# EXERCISE
Copy word for word the lines in the records below, starting at the line with "Anime Cherry Maruko" and ending at the line with "Produktbild von Polsterbett". Skip the pictures.

# DATA FOR ANALYSIS
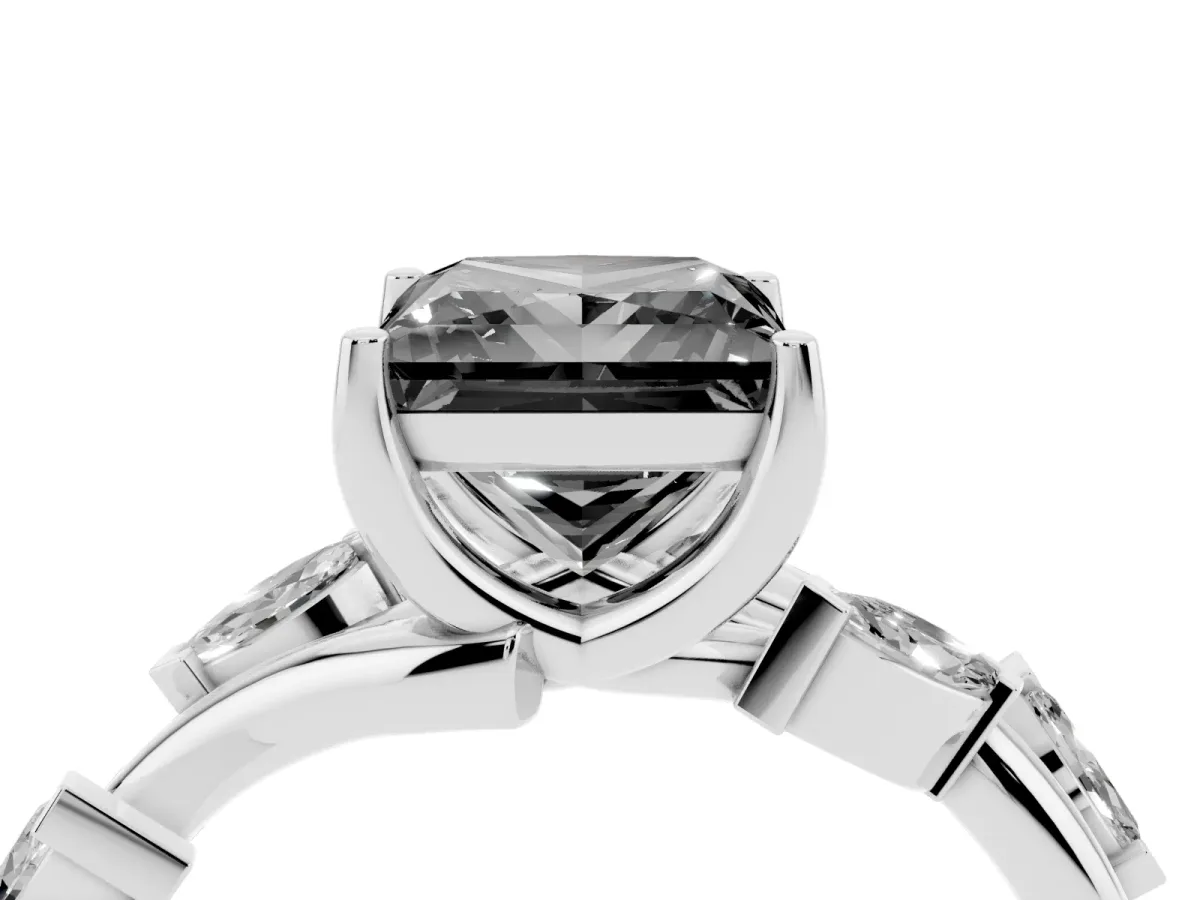 Fancy Black Princess Cut Solitaire Twisted Band Marquise Accent Prong Setting Ring Platinum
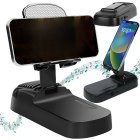 Telescopic Phone Stand with Bluetooth Speaker & Power Bank, Black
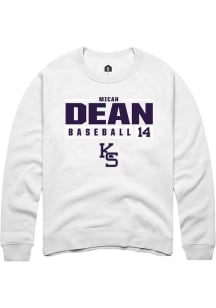 Micah Dean  Rally K-State Wildcats Mens White NIL Stacked Box Long Sleeve Crew Sweatshirt
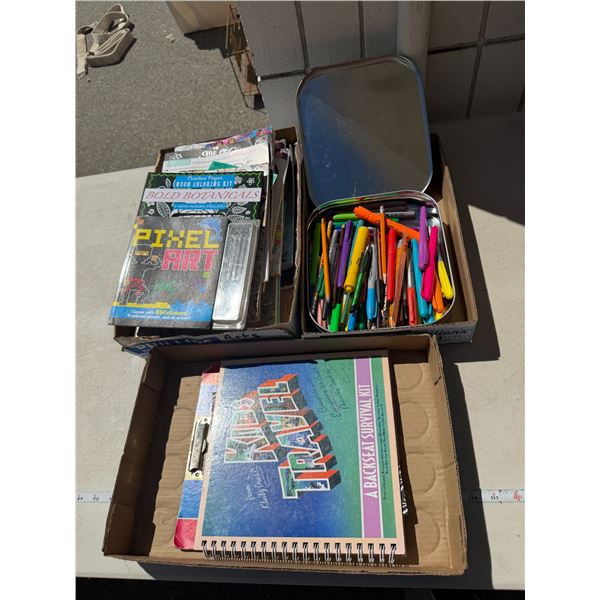 Art and crafting items, coloring books, etc.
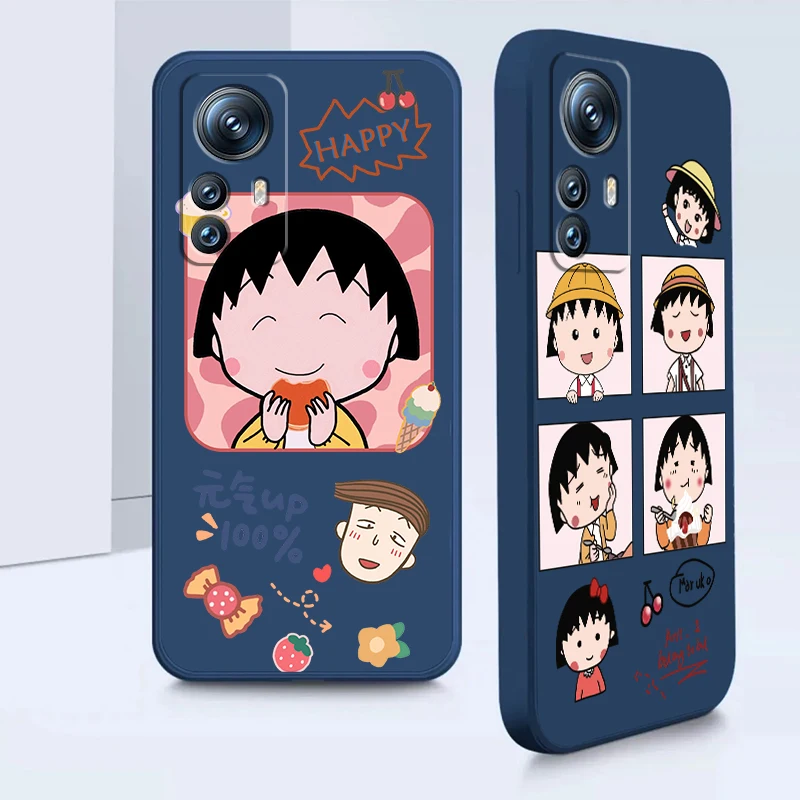 

Anime Cherry Maruko Cartoon Phone Case For Xiaomi Mi 12S 12X 12 11i 11T 11 10 10S 10T 9 Pro Lite Ultra 5G Liquid Rope Cover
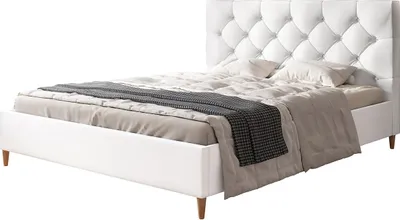 Produktbild von Polsterbett LUX BOSTON mit Kopfteil, 140 x 200 cm, Doppelbett mit Lattenrost aus Holz, Kunstleder Weiß, Füße in Farbe: Braun
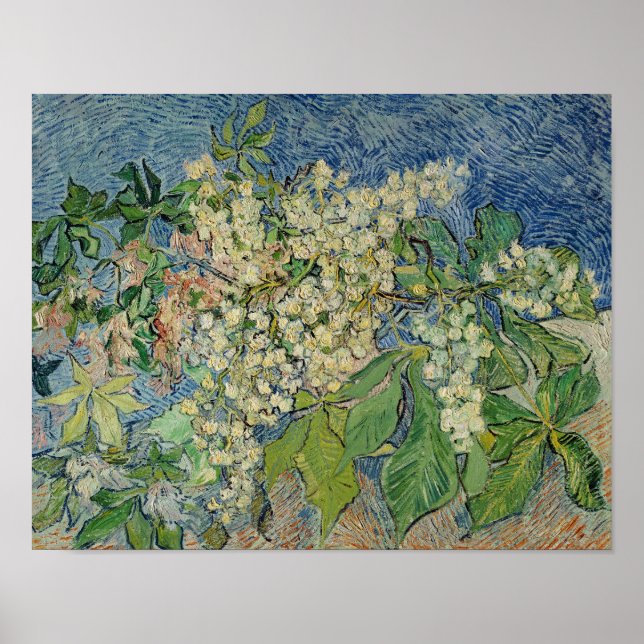 Póster Vincent van Gogh | Blossoming Chestnut Branches (Frente)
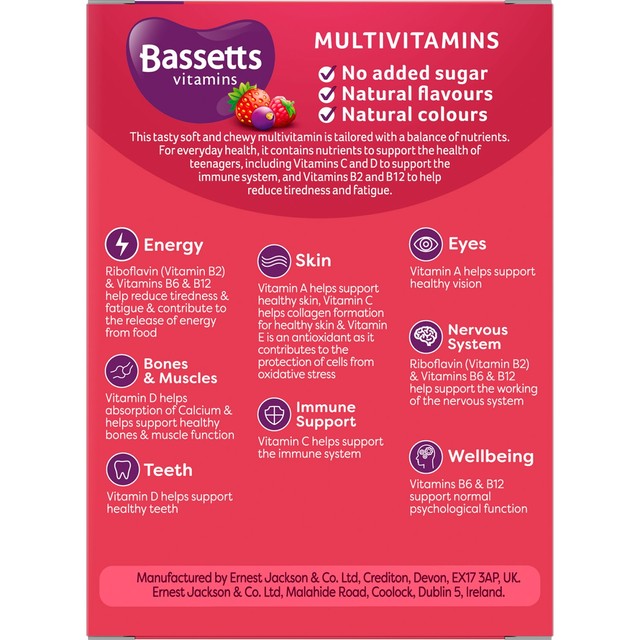 Bassetts summer berries multivitamin pastilles 30 per pack - British product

# RESPONSE TO THIS TASK
Anime Cherry Maruko Cartoon Phone Case For Xiaomi Mi 12S 12X 12 11i 11T 11 10 10S 10T 9 Pro Lite Ultra 5G Liquid Rope Cover
 Produktbild von Polsterbett LUX BOSTON mit Kopfteil, 140 x 200 cm, Doppelbett mit Lattenrost aus Holz, Kunstleder Weiß, Füße in Farbe: Braun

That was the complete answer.